A search for studies related to HIV dual therapy published from January 2000 through April 2014 was performed using Biosis, Derwent Drug File, Embase, International Pharmaceutical Abstracts, Medline, Pascal, SciSearch, and TOXNET databases; seven major trial registries, and the abstracts of major conferences. Using predetermined criteria for inclusion, an expert review committee critically reviewed and qualitatively evaluated all identified trials for efficacy and safety results and potential limitations.
Sixteen studies of dual therapy regimens were critiqued for the ARV-naive population. Studies of a protease inhibitor/ritonavir in combination with the integrase inhibitor raltegravir or the nucleoside reverse transcriptase inhibitor lamivudine provided the most definitive evidence supporting a role for dual therapy. In particular, lopinavir/ritonavir or darunavir/ritonavir combined with raltegravir and lopinavir/ritonavir combined with lamivudine demonstrated noninferiority to standard of care triple therapy after 48 weeks of treatment. Thirteen trials were critiqued in ARV-experienced, virologically suppressed patients. The virologic efficacy outcomes were mixed. Although overall data regarding toxicity are limited, when compared with standard triple therapy, certain dual therapy regimens may offer advantages in renal function, bone mineral density, and limb fat changes; however, some dual combinations may elevate lipid or bilirubin levels.
The potential benefits of dual therapy regimens include reduced toxicity, improved tolerability and adherence, and reduced cost. Although the data reviewed here provide valuable insights into the effectiveness and tolerability of dual therapy regimens, it remains unclear whether these potential benefits can be maintained long-term.
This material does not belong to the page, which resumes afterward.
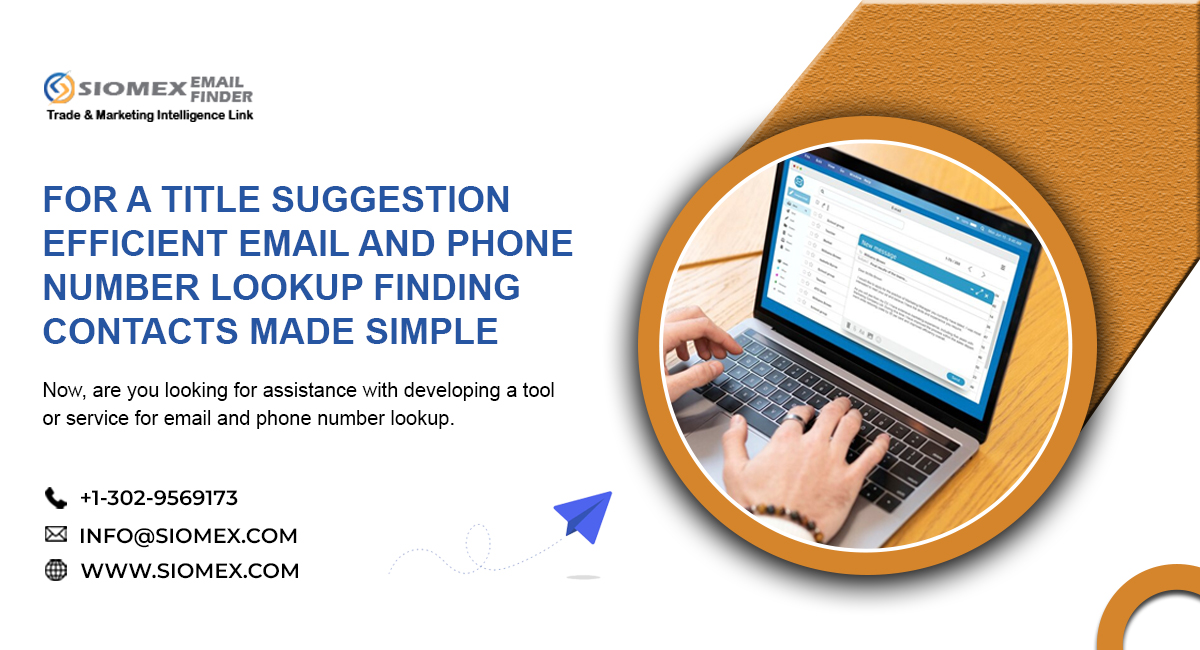 international buyers data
Appropriately powered studies with longer follow-up periods are needed to more definitively assess potential toxicity reduction advantages with dual therapy.
我们回顾了当前有关抗逆转录病毒(ARV)保留疗法策略的文献,以确定这些新方案是否可被视为初治未接受过ARV治疗患者初始治疗的标准方案的合适替代方案,或作为病毒学抑制的HIV感染患者的转换疗法。
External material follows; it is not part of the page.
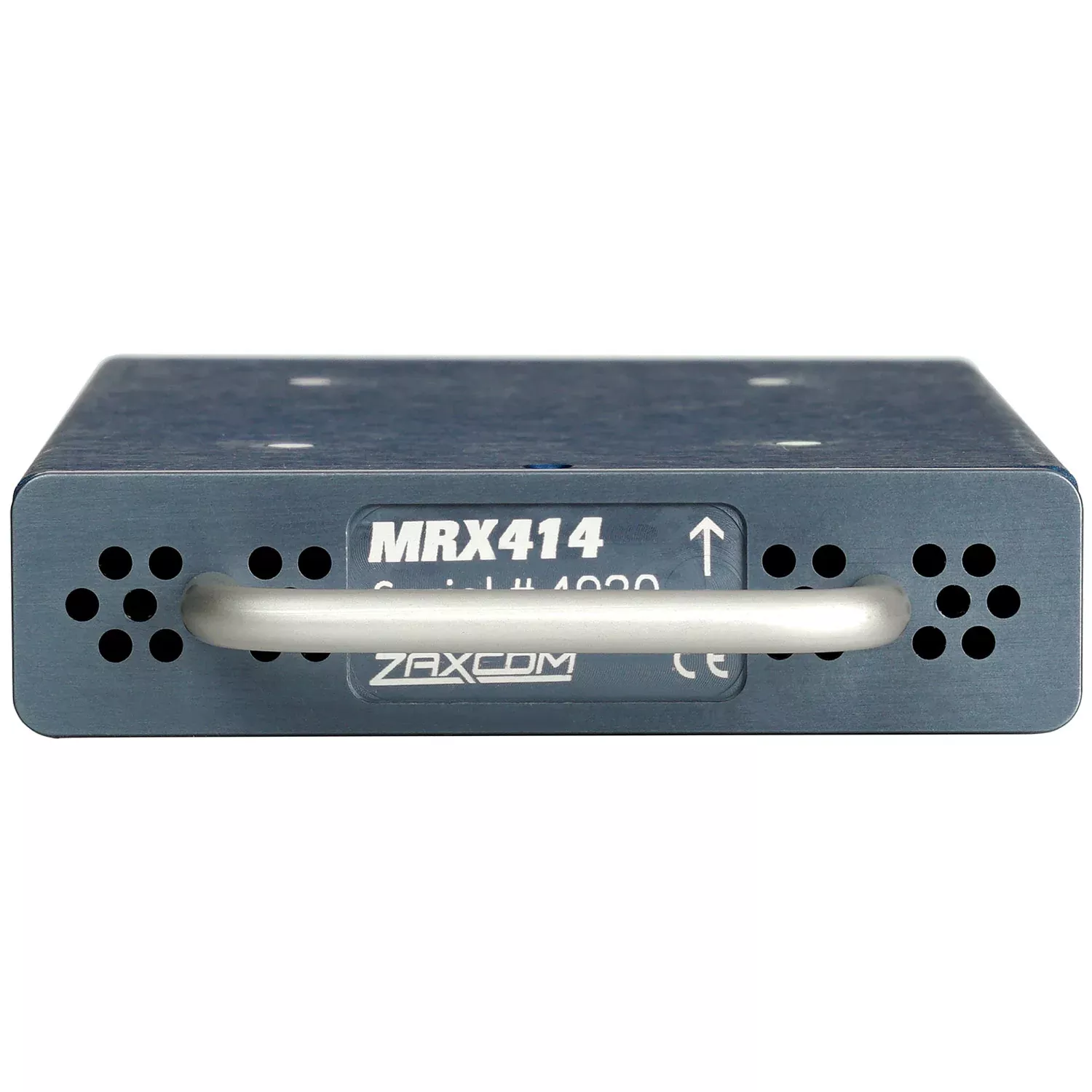 Zaxcom MRX414-M Hot Swappable Module Receiver (550 - 660 MHz)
使用Biosis、德温特药物文件库、Embase、国际药学文摘、Medline、Pascal、SciSearch和TOXNET数据库,检索2000年1月至2014年4月发表的与HIV双重疗法相关的研究;七个主要试验注册库以及主要会议的摘要。使用预先确定的纳入标准,一个专家评审委员会对所有已识别试验的疗效、安全性结果及潜在局限性进行了严格评审和定性评估。
对16项针对初治未接受过ARV治疗人群的双重疗法方案研究进行了评判。蛋白酶抑制剂/利托那韦与整合酶抑制剂拉替拉韦或核苷类逆转录酶抑制剂拉米夫定联合应用的研究提供了支持双重疗法作用的最确凿证据。特别是,洛匹那韦/利托那韦或达芦那韦/利托那韦与拉替拉韦联合应用,以及洛匹那韦/利托那韦与拉米夫定联合应用,在治疗48周后显示出与标准三联疗法相当的疗效。对13项有ARV治疗经验、病毒学抑制患者的试验进行了评判。病毒学疗效结果不一。虽然关于毒性的总体数据有限,但与标准三联疗法相比,某些双重疗法方案在肾功能、骨矿物质密度和肢体脂肪变化方面可能具有优势;然而,一些双重组合可能会提高血脂或胆红素水平。
双重疗法方案的潜在益处包括毒性降低、耐受性和依从性提高以及成本降低。虽然此处回顾的数据为双重疗法方案的有效性和耐受性提供了有价值的见解,但这些潜在益处能否长期维持仍不清楚。需要进行有足够样本量且随访期更长的研究,以更明确地评估双重疗法在降低潜在毒性方面的优势。